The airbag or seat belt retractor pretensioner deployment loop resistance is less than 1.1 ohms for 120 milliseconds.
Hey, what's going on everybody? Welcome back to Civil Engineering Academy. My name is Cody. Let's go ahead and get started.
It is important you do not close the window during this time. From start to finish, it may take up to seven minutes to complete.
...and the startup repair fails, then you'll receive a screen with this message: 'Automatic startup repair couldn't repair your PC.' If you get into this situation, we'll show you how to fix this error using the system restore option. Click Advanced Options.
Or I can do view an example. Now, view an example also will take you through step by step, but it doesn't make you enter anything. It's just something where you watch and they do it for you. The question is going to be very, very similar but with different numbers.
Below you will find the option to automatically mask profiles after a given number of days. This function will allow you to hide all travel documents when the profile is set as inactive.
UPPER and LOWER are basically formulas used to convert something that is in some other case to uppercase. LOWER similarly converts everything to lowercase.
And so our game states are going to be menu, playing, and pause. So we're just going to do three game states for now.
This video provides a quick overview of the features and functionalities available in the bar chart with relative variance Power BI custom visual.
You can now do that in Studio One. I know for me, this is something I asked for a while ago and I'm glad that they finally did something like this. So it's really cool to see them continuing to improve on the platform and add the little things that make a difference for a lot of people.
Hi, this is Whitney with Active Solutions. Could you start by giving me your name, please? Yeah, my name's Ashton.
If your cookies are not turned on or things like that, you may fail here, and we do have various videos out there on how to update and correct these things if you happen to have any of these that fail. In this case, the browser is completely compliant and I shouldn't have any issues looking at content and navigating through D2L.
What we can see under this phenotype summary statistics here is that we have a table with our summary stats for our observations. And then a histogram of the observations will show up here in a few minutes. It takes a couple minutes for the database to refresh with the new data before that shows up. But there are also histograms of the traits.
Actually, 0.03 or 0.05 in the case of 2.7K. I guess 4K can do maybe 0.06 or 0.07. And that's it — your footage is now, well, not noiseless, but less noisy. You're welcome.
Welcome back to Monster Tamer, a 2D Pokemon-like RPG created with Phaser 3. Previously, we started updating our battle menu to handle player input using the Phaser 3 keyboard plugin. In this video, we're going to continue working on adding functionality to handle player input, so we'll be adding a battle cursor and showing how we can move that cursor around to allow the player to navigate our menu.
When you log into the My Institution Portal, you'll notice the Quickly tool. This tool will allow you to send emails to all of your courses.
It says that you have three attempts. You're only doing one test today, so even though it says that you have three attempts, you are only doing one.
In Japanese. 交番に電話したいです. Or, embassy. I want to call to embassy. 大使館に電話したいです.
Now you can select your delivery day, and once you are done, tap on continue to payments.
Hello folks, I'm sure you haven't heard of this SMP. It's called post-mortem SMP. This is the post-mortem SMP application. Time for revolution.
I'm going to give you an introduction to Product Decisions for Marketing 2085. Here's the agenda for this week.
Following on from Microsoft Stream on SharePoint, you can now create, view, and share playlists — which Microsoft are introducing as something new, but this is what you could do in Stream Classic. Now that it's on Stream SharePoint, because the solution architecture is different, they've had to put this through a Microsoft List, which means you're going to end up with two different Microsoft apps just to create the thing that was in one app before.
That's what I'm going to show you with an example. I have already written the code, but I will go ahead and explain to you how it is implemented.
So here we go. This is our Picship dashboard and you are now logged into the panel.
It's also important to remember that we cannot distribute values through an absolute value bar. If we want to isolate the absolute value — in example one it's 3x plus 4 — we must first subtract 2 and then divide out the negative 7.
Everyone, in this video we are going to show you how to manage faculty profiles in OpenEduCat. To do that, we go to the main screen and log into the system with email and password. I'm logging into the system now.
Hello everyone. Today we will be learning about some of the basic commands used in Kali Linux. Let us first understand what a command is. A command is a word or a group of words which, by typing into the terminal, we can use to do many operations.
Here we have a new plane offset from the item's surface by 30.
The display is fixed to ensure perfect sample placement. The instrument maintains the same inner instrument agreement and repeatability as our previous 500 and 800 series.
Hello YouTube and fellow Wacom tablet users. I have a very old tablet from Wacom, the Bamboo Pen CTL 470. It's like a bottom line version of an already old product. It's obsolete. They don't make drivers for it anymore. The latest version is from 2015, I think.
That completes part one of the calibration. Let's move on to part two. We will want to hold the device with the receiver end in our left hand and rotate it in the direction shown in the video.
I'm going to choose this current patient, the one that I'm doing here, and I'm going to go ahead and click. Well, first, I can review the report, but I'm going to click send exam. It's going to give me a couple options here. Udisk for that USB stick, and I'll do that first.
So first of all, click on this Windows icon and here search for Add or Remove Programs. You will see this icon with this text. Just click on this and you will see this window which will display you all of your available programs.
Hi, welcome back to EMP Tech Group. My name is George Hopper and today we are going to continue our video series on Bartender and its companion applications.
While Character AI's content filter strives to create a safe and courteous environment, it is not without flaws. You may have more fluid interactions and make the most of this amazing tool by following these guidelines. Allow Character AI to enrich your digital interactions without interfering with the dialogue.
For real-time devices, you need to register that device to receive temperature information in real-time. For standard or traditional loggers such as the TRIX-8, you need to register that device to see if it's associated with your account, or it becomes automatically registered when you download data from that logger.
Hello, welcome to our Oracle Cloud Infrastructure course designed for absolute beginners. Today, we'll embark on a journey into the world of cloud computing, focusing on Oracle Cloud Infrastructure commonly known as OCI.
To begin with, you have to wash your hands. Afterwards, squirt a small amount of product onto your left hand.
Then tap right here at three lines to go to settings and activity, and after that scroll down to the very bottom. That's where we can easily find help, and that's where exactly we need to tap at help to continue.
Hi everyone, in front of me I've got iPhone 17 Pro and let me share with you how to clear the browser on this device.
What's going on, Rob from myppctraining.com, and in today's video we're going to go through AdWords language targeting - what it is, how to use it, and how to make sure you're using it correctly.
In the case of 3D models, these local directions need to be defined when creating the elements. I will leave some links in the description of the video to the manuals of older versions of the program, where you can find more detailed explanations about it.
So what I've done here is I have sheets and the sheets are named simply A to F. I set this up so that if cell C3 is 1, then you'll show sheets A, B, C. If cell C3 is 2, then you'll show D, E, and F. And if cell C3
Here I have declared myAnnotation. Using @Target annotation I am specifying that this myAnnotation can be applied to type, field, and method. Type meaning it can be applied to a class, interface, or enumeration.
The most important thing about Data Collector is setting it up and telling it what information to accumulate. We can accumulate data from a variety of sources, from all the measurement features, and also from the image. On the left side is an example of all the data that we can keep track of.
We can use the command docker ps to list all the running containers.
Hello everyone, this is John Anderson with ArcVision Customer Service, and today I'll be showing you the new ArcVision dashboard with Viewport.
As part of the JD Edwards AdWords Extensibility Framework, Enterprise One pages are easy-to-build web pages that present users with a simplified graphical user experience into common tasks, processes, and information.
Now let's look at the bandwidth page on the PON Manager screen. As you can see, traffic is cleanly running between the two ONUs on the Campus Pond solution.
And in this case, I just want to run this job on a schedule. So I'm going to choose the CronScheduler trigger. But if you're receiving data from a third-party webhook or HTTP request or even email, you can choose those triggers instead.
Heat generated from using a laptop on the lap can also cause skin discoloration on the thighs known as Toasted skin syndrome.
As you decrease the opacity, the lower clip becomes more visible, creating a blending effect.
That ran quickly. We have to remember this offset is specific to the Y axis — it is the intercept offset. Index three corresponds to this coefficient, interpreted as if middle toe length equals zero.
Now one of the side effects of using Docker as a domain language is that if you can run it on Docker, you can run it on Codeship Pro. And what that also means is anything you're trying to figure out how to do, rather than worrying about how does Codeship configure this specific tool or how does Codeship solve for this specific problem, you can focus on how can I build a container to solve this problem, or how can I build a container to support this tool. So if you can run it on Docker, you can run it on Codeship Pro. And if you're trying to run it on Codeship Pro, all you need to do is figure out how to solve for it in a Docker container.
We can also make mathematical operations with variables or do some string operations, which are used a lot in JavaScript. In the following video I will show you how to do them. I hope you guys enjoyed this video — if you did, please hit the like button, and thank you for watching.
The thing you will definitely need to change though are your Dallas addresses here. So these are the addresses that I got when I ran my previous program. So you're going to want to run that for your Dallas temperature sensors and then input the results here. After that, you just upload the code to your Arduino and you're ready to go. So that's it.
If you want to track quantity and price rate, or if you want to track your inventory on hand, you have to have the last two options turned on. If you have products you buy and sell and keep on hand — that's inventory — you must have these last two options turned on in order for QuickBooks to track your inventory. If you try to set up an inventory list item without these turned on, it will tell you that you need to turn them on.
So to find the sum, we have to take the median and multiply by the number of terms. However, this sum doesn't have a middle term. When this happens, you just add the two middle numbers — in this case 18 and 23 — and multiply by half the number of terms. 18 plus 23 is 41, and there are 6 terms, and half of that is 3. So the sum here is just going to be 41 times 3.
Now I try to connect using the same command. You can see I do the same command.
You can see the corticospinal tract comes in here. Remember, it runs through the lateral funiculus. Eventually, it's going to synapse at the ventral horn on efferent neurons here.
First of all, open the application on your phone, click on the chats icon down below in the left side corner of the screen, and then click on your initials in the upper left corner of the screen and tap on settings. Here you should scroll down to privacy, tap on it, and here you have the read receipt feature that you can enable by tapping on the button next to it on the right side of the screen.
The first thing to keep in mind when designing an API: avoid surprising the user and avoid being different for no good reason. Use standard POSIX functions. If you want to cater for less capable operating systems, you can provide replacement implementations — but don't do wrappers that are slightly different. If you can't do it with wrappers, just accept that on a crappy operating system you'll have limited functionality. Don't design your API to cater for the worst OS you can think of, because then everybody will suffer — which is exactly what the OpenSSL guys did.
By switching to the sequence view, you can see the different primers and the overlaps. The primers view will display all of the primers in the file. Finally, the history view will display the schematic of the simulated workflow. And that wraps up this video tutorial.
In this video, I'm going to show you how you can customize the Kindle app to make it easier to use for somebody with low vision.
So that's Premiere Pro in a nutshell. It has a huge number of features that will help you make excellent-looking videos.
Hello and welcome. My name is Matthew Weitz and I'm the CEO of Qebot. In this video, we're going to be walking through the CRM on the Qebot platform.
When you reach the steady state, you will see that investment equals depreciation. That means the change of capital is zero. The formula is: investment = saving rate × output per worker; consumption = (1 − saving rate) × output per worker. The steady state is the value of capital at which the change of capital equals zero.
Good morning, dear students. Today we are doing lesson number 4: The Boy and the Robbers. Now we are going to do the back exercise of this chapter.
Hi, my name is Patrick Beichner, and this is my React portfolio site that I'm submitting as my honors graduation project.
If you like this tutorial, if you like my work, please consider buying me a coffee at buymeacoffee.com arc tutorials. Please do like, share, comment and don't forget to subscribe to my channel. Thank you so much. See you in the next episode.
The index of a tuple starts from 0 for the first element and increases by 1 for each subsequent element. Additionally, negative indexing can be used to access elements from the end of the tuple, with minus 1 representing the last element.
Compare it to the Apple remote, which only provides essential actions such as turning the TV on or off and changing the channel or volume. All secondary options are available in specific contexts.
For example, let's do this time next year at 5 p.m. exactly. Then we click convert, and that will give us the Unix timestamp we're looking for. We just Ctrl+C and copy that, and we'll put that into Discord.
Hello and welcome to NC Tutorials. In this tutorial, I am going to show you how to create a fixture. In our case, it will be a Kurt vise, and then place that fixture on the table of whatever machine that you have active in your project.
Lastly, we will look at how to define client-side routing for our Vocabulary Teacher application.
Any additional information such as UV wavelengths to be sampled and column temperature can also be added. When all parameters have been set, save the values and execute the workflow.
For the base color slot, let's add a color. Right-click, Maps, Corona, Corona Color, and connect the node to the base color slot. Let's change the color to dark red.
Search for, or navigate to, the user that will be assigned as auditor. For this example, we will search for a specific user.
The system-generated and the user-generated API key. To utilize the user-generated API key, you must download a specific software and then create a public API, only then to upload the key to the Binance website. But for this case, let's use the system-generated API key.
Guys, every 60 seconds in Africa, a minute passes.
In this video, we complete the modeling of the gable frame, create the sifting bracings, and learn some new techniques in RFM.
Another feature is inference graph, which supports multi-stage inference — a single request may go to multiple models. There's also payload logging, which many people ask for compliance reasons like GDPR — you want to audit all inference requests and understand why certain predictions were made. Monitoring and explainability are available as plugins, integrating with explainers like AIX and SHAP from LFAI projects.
##########
WHAT IS REQUIRED
An exact, complete copy of the lines above from the one with "Hello and welcome." through the one with "If you like this" is the whole answer.

ANSWER SPACE
Hello and welcome. My name is Matthew Weitz and I'm the CEO of Qebot. In this video, we're going to be walking through the CRM on the Qebot platform.
When you reach the steady state, you will see that investment equals depreciation. That means the change of capital is zero. The formula is: investment = saving rate × output per worker; consumption = (1 − saving rate) × output per worker. The steady state is the value of capital at which the change of capital equals zero.
Good morning, dear students. Today we are doing lesson number 4: The Boy and the Robbers. Now we are going to do the back exercise of this chapter.
Hi, my name is Patrick Beichner, and this is my React portfolio site that I'm submitting as my honors graduation project.
If you like this tutorial, if you like my work, please consider buying me a coffee at buymeacoffee.com arc tutorials. Please do like, share, comment and don't forget to subscribe to my channel. Thank you so much. See you in the next episode.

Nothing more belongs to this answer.